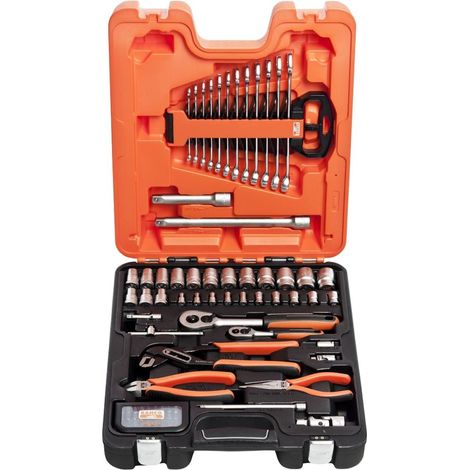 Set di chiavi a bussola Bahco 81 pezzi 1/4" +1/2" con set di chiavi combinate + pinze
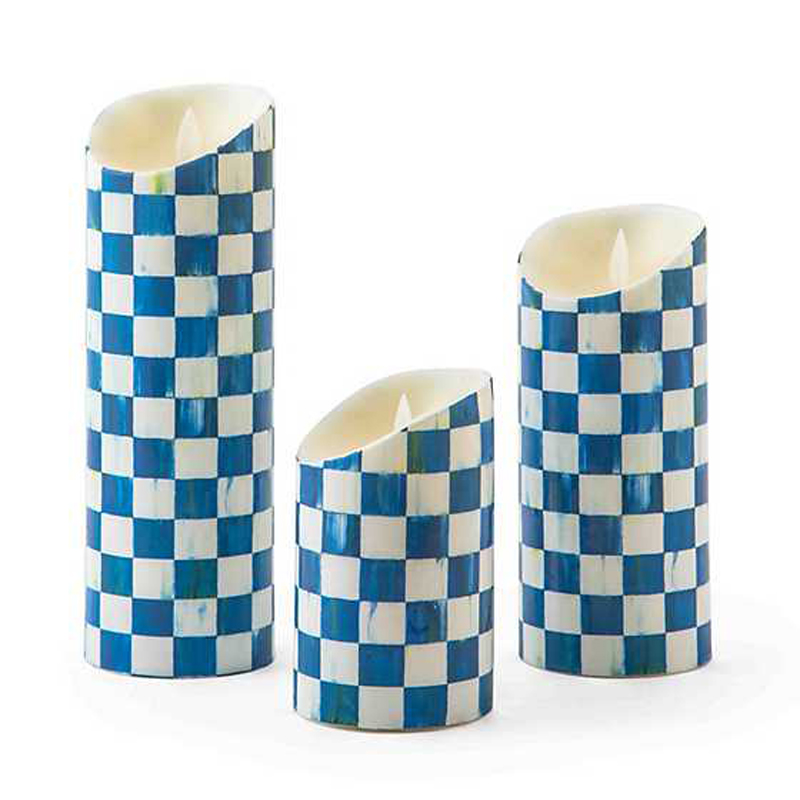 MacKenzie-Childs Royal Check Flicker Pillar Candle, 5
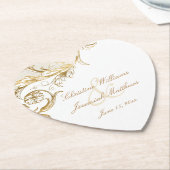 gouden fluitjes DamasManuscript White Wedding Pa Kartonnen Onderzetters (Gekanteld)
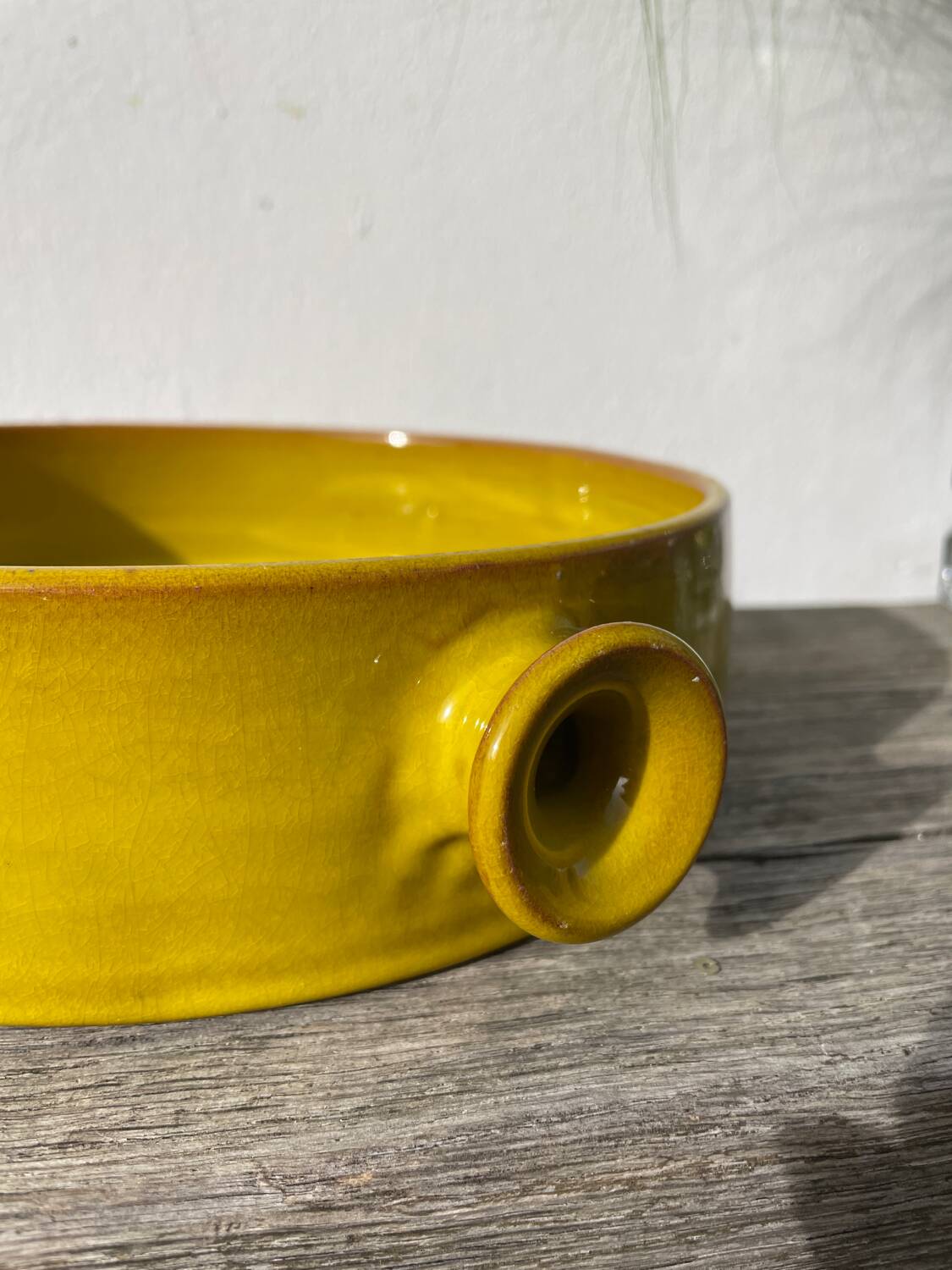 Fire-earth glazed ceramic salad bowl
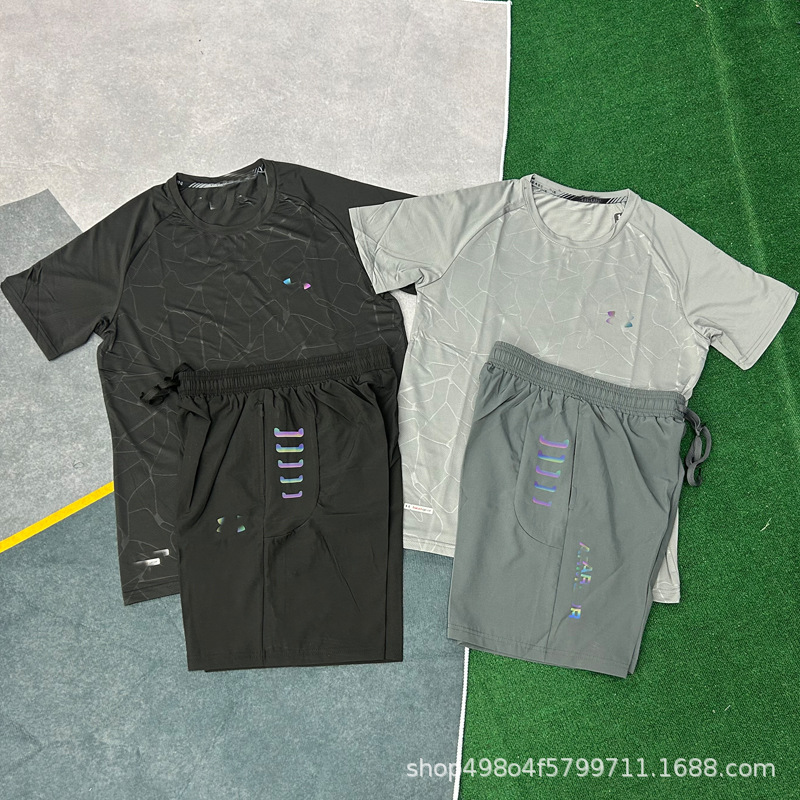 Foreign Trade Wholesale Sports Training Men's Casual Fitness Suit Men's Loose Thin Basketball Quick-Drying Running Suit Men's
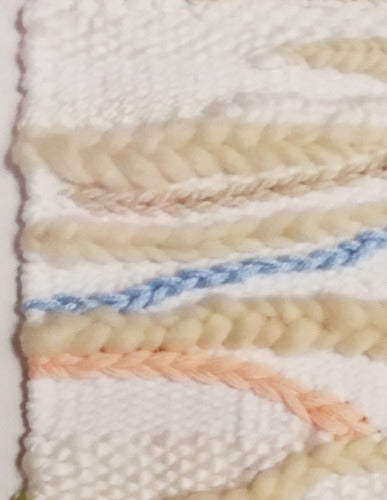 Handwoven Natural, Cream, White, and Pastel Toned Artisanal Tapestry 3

• • • • • • •

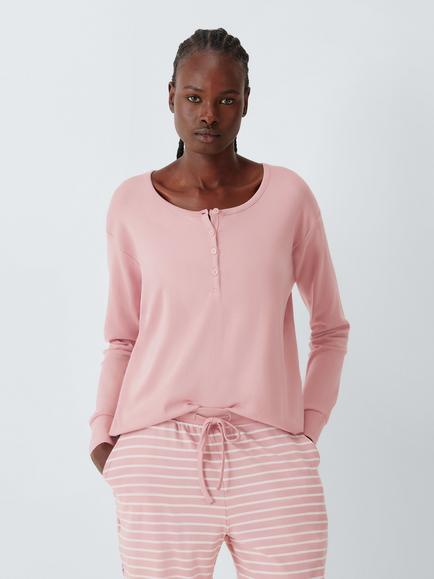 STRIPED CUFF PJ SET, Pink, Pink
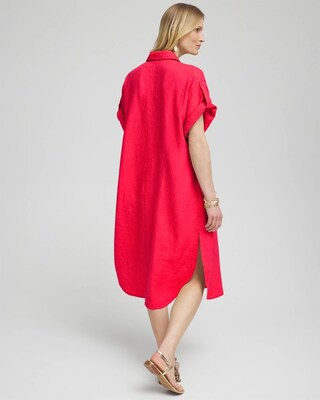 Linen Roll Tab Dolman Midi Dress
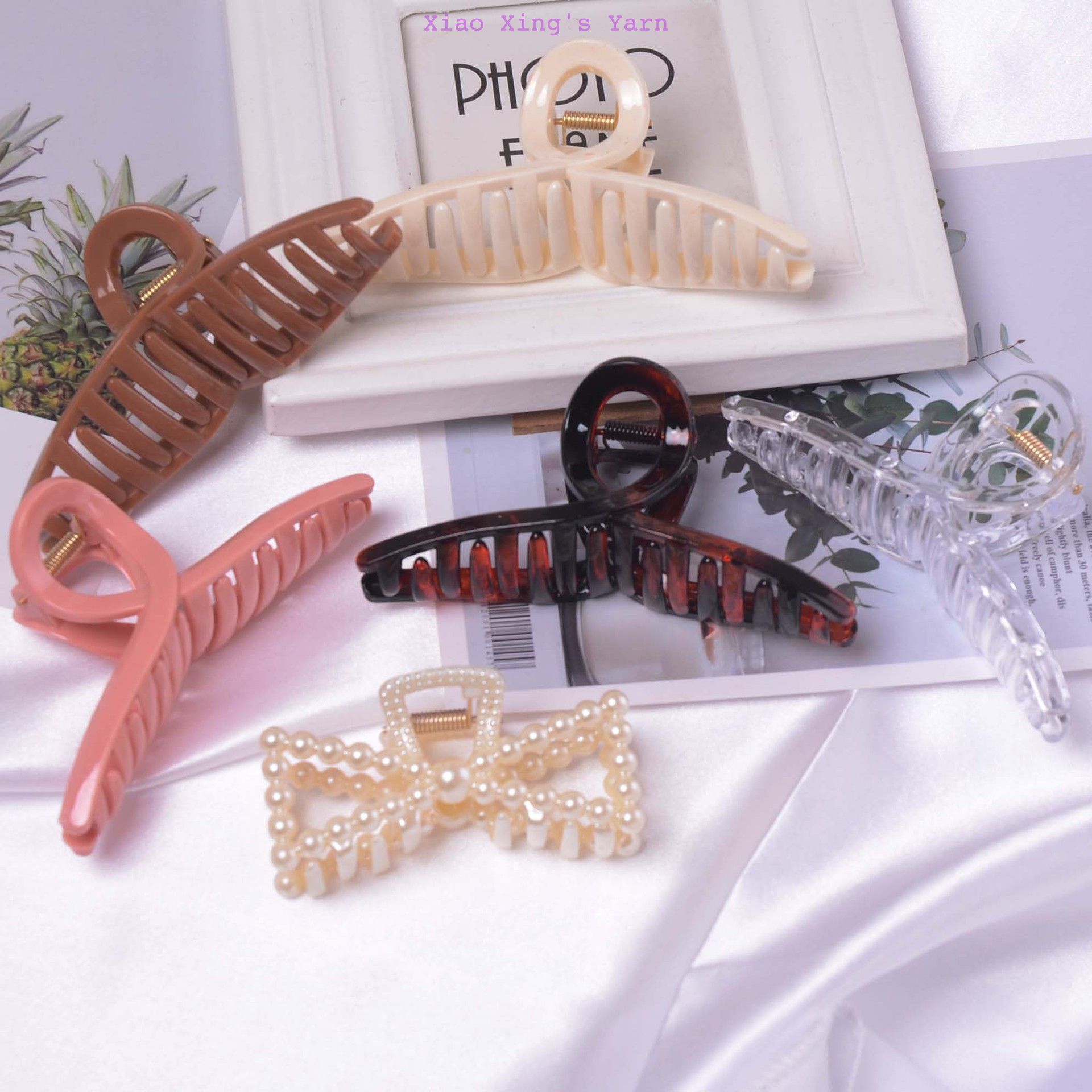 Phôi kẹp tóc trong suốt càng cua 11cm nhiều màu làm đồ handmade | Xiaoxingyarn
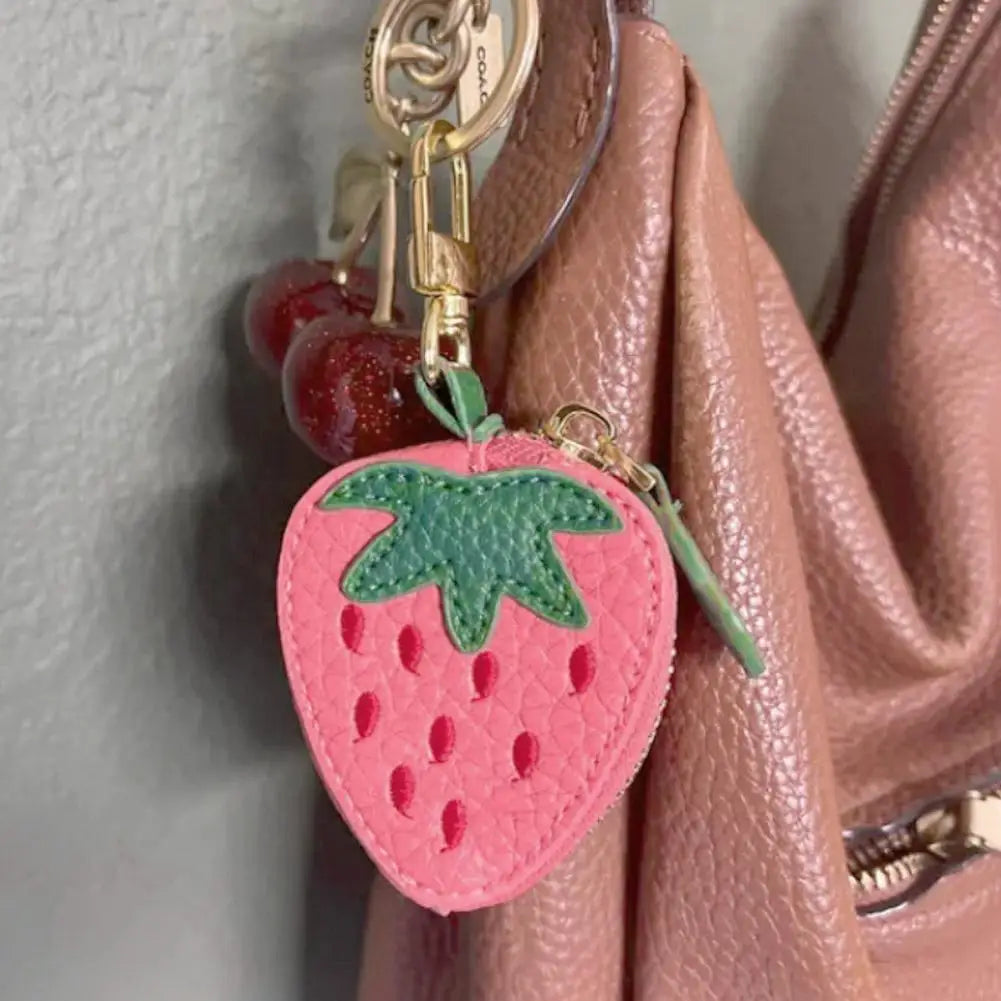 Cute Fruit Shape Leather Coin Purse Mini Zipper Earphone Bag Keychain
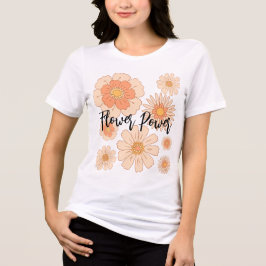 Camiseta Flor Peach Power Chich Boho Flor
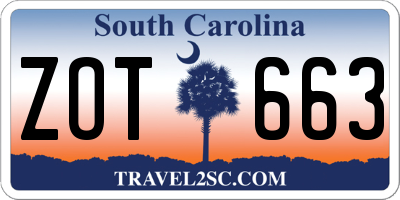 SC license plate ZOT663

• • • • • • •

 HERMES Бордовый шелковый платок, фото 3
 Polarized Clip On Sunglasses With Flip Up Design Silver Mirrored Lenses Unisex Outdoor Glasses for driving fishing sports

• • • • • • •

Using the records above, repeat exactly the run of lines that starts with the line with "MacKenzie-Childs Royal Check" and goes on through the line with "Handwoven Natural, Cream, White, and"; omit each picture.

 MacKenzie-Childs Royal Check Flicker Pillar Candle, 5
 gouden fluitjes DamasManuscript White Wedding Pa Kartonnen Onderzetters (Gekanteld)
 Fire-earth glazed ceramic salad bowl
 Foreign Trade Wholesale Sports Training Men's Casual Fitness Suit Men's Loose Thin Basketball Quick-Drying Running Suit Men's
 Handwoven Natural, Cream, White, and Pastel Toned Artisanal Tapestry 3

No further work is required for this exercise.